« Cent mètres papillon » : Le nageur après la course

Maxime Taffanel évoque sur scène sa modeste carrière de sportif des bassins.

Gilles Costaz  • 14 octobre 2020 abonné·es
« Cent mètres papillon » : Le nageur après la course
Il est rare que les sportifs eux-mêmes viennent en scène, avec leur propre texte.
© Ludo Leleu

ent mètres papillon est un spectacle qui tourne depuis trois ans, arrive enfin à Paris (au théâtre de Belleville) et repartira en tournée : il séduit un public plutôt jeune, attiré avec raison par un exercice de vérité – et de traduction par le théâtre – autour du sport de compétition.

En règle générale, ce sont plutôt les observateurs et les connaisseurs qui traitent de ce thème à la scène. Le cyclisme, le football, la course à pied, le tennis ont inspiré beaucoup de spectacles, de façon souvent convaincante car le stade et le lieu de -représentation, la tension d’une épreuve et le suspense d’une action dramatique partagent nombre de points communs évidents. Mais il est rare que les sportifs eux-mêmes viennent en scène, avec leur propre texte. Éric Cantona n’écrit pas lui-même ses passages au théâtre, que l’on sache.

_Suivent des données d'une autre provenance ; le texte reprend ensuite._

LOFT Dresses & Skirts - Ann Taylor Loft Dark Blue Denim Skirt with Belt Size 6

Maxime Taffanel, lui, est l’auteur de sa pièce sur la natation, il la défend en personne. On précisera qu’après une vie de champion (champion relatif : il n’a pas collectionné les titres !), il est devenu acteur. C’est avec une réelle expérience de la scène qu’il interprète sa brève saga d’un athlète sans grade de la brasse papillon.

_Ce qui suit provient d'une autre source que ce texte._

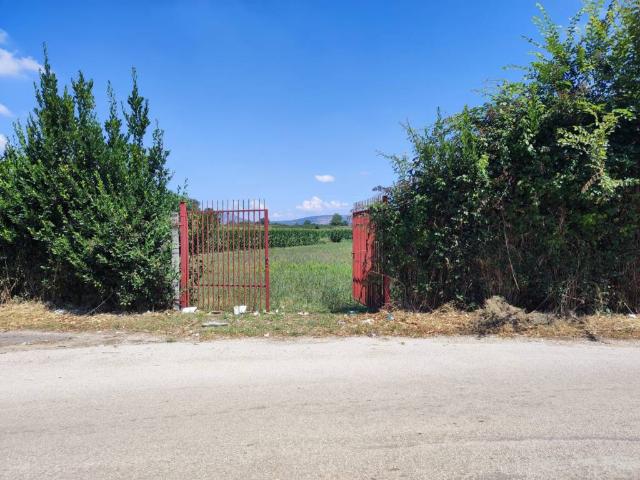 Terreno in vendita a Maddaloni, Campania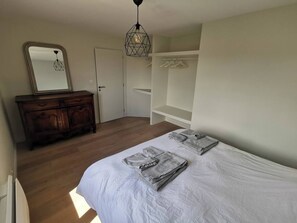 3 chambres, fer et planche Ă repasser, lit parapluie, Wi-Fi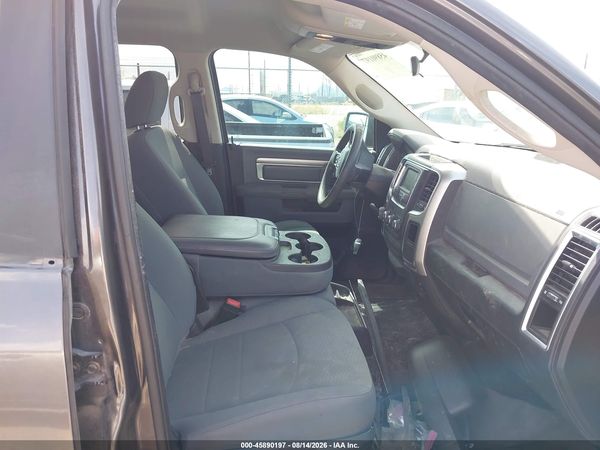 2020 RAM 1500 CLASSIC SLT  4X2 6'4 BOX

Pas de bassin, pas d’eau sur la scène. Juste un sol bleu nuit où se dessinent les couloirs d’une compétition invisible et le fauteuil où viennent se poser le juge comme le sportif. Maxime Taffanel a pris le parti d’un seul-en-scène et Nelly Pulicani assure une mise en scène sans réalisme ni imagerie, centrée sur la présence très physique de l’interprète et posée sur une certaine obscurité. Le spectateur est sans doute invité à faire défiler toutes les scènes d’actualité qu’il veut. Car qui n’a pas dans la tête des images de victoire et de défaite dans l’eau chlorée et le brouhaha des batailles olympiques ? Qu’on décore à sa guise et en soi-même la nudité du plateau !

Ce spectacle, c’est l’anti-reportage télévisé. C’est le sport exprimé de l’intérieur du métier et de l’intérieur d’un corps dont on voit jouer les pectoraux (pour rire, et non pour célébrer le culturisme !). En fait, dans le texte de Maxime Taffanel, il y a deux coulées, l’une qui dit son amour de l’eau, l’autre qui conte le sport tel qu’il est et l’aventure personnelle d’un sportif de niveau moyen. C’est assez étonnant, ce chant aquatique, cette confidence sur une sensualité du corps plongé dans un liquide et qui perçoit d’autres théorèmes que ceux d’Archimède : l’eau pousse le compétiteur comme une amie ou le freine comme une ennemie. De toute façon, il l’aime !

Quant à la pratique du métier, la voilà transcrite à travers des mots d’ordre inévitablement militaires. Maxime Taffanel, en intonations saccadées, fait voler les conseils et les commentaires brutaux des chefs. Tout est affaire de chrono, on s’en doute, et, si l’on est en dessous des 32 secondes 6 dixièmes (notre chiffre risque de ne pas être exact, qu’on nous le pardonne !), c’est l’engueulade, l’exhortation à faire mieux la prochaine fois ou à débarrasser le plancher, ou plutôt l’eau du bassin.

Après plusieurs années de grande implication dans son club, le nageur Taffanel s’entendra dire qu’il est toujours dans des temps supérieurs à ceux qui permettent d’être en haut des classements. Et ce sera l’adieu aux bassins professionnels pour vivre le simple bonheur de celui qui fend l’eau et renonce au dépassement forcené.

Le jeu du comédien privilégie l’expression des sensations. Sa représentation de l’essoufflement, des combats de la cage thoracique au moment de la récupération tient du tableau de Bacon. Elle met à nu la souffrance qui se cache sous l’effort, qu’il soit glorieux ou pathétique. Les gestes qui figurent la brasse papillon prennent une belle forme tourbillonnante et chorégraphiée. Maxime Taffanel témoigne en transposant son expérience, sans hargne, avec pas mal de drôlerie, dans une brillante contre-plongée.

Cent mètres papillon, Théâtre de Belleville, Paris XIe, 01 48 06 72 34, jusqu’au 28 novembre, puis en tournée jusqu’en juin.